UK-based construction collaboration software-as-a-service (SaaS) technology vendor BIW Technologies [my employer] grew its turnover 27% to £7.3 million in the year to 30 September 2008, it announced yesterday, with profits more than doubling to £1.1 million; the value of unrecognised revenues in the order book was up to £12.77 million (see news release). On both turnover and profitability metrics, this was an acceleration on BIW’s 2007 performance.
Echoing my view last week that the Economic climate will accelerate SaaS, BIW CEO Colin Smith says:
“This year has been our most successful to date in terms of revenue and profits. We operate in the SaaS sector, which is recognized as being relatively recession-proof, because there is much less up front investment required from clients, its low risk and there is a faster return on investment, therefore we should do well even in these difficult economic conditions.”
BIW’s figures maintain its significant lead among the UK-based vendors, and echo the strong performances achieved by SaaS competitors in the AEC market such as Australia-based Aconex (see 25 November post) and UK rival 4projects (14 July post). But could this year’s rosy numbers be the last high-growth figures presented by any business in this space for a while?
The end of the good times?
While the SaaS model SaaS gives visibility and resilience to a company’s forward revenues and cashflows, all of the construction collaboration technology vendors are working in increasingly tough market conditions. The current downturn is having a savage effect across the construction industry and its technology providers cannot be completely immune. Companies (eg: Pettifer) are going into administration weekly, people are being laid-off, and many projects – particularly in the private sector – are being cancelled, postponed or mothballed (including PFI projects – see CNplus).
With fewer ongoing projects around, software providers will face stiffer competition. Sadly, this may manifest itself, as elsewhere in the AEC sector, in clients and their project teams trying to cut costs by awarding work to the cheapest provider (a high risk strategy, particularly if the vendor ultimately cannot afford to keep trading at those rates, or if the chosen technology isn’t reliable or functional enough to meet the scale and complexity of the challenge). Alternatively, clients may simply decide that they can manage their projects using conventional tools such as email, CDs and piles of paper (again, a risky, short-termist strategy that opens the way to claims and disputes about late, lost or inaccurate information – with no secure audit trail to show who did what and when).
On the upside, clients may be even more conscious that they need to maintain tight control over construction budgets and programmes.

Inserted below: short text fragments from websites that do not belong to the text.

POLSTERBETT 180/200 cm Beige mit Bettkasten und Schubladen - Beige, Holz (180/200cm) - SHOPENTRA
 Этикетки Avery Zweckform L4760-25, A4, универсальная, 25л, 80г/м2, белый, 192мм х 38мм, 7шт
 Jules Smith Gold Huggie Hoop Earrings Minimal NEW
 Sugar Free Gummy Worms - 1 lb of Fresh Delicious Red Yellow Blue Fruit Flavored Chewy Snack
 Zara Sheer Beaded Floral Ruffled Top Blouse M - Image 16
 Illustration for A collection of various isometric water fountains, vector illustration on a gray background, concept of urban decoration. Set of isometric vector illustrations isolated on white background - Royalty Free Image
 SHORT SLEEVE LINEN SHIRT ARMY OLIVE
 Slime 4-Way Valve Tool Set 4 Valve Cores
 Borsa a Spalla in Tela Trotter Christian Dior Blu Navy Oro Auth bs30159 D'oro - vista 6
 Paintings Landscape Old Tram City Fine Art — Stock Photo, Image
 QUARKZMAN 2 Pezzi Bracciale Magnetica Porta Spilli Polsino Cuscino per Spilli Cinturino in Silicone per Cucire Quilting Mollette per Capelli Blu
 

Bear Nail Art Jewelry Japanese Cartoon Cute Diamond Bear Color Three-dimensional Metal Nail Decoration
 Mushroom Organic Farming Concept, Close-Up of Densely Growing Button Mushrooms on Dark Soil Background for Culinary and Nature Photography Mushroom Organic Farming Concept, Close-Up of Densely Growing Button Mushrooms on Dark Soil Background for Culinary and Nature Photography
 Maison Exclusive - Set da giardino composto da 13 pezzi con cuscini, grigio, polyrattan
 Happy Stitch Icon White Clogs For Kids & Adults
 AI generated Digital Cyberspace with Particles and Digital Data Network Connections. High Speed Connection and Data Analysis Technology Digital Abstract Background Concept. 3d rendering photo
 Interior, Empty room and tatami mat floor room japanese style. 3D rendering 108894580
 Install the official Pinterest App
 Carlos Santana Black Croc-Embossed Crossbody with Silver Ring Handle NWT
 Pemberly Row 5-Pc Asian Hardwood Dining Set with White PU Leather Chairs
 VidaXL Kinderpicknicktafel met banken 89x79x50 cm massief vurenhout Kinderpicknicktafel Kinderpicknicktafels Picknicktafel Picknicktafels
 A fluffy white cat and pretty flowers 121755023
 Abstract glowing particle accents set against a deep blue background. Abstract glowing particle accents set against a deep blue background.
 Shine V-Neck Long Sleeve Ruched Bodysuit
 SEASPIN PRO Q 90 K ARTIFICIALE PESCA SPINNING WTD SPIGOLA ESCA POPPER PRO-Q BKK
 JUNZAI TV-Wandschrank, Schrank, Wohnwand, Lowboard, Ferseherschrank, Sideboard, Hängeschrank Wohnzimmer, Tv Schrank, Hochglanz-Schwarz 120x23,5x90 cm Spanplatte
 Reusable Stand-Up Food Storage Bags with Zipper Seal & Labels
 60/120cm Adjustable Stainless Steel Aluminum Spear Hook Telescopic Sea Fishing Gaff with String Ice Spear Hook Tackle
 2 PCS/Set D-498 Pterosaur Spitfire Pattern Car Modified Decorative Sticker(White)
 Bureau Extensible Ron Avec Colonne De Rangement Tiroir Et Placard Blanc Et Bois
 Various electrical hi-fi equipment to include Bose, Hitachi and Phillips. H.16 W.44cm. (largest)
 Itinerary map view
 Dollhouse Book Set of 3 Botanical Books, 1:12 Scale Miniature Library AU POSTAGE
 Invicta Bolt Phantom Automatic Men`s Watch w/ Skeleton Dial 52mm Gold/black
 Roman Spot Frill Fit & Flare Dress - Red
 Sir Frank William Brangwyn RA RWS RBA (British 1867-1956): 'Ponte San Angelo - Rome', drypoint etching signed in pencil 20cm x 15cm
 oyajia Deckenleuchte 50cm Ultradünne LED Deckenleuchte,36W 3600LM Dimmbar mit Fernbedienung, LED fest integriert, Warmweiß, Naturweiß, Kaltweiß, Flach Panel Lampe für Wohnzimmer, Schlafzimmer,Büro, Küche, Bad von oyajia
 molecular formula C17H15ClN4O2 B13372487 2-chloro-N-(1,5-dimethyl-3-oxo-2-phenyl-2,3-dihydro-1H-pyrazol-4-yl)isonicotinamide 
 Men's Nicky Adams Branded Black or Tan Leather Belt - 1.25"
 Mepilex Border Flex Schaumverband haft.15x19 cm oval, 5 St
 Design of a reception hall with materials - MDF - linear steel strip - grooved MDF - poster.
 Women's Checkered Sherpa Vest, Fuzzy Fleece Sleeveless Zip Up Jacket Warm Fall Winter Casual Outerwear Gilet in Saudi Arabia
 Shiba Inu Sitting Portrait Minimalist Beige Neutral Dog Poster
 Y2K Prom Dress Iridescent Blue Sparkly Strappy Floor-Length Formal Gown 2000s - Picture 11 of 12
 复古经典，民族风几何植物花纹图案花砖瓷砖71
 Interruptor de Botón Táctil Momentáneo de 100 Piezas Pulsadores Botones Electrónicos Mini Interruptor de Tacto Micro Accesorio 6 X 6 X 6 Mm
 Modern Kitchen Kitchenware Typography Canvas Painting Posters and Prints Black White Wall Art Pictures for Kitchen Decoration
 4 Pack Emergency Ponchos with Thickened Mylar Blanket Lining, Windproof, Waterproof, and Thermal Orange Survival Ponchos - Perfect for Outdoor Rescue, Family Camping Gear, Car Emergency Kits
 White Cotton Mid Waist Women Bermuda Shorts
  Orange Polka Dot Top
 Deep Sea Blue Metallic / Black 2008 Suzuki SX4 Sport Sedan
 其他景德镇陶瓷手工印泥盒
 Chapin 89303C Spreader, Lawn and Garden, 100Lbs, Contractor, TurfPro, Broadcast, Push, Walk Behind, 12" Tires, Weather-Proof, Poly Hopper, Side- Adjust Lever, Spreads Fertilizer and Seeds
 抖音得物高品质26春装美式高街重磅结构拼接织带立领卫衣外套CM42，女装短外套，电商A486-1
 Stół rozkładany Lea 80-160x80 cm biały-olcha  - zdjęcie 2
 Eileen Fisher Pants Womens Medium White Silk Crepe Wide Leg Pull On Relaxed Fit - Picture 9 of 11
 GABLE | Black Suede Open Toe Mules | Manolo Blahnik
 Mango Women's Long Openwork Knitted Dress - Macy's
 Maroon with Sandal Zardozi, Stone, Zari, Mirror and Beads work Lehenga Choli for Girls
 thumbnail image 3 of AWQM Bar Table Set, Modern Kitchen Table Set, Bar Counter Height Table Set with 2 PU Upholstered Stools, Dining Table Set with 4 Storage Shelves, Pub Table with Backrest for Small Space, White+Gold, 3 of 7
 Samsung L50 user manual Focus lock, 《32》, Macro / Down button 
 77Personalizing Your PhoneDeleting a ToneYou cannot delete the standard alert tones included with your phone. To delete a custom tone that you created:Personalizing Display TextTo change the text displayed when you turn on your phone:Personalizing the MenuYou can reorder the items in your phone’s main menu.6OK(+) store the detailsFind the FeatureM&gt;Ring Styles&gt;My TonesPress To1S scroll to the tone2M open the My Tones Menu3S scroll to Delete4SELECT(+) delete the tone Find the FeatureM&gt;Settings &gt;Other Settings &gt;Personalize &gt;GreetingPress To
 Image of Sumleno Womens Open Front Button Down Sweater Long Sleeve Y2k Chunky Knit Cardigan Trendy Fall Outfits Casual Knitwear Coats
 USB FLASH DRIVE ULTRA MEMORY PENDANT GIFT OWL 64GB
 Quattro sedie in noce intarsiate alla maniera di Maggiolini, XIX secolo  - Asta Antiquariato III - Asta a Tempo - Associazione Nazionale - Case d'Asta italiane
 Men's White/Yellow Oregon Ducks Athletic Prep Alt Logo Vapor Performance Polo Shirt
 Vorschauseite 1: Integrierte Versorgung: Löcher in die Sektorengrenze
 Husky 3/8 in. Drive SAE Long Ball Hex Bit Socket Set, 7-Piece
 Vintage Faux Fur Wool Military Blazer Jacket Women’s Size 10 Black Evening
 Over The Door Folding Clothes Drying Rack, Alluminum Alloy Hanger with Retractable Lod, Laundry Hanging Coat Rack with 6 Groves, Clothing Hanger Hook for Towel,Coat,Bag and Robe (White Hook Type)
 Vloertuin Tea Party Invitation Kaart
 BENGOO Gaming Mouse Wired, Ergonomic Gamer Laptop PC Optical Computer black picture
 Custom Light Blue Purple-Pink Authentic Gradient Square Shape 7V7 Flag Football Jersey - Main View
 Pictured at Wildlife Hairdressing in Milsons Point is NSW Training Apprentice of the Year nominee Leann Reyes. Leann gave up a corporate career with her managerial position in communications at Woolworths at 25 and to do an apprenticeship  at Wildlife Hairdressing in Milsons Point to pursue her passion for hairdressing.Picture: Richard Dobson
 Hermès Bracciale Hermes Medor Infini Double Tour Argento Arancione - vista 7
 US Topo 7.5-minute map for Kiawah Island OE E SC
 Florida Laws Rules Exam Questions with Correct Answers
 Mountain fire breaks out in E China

Teams could decide that they want the security of a reliable project control platform to speed up processes, eliminate waste and rework, and to keep everything on track.
However, as I wrote last month (see Recession and the construction SaaS providers), potential customers must look closely at the financial resilience of any vendors they shortlist. Some providers – particularly those reliant upon small customer bases working in depressed sectors – may be unable to withstand a prolonged downturn or significant downward pressure on fees.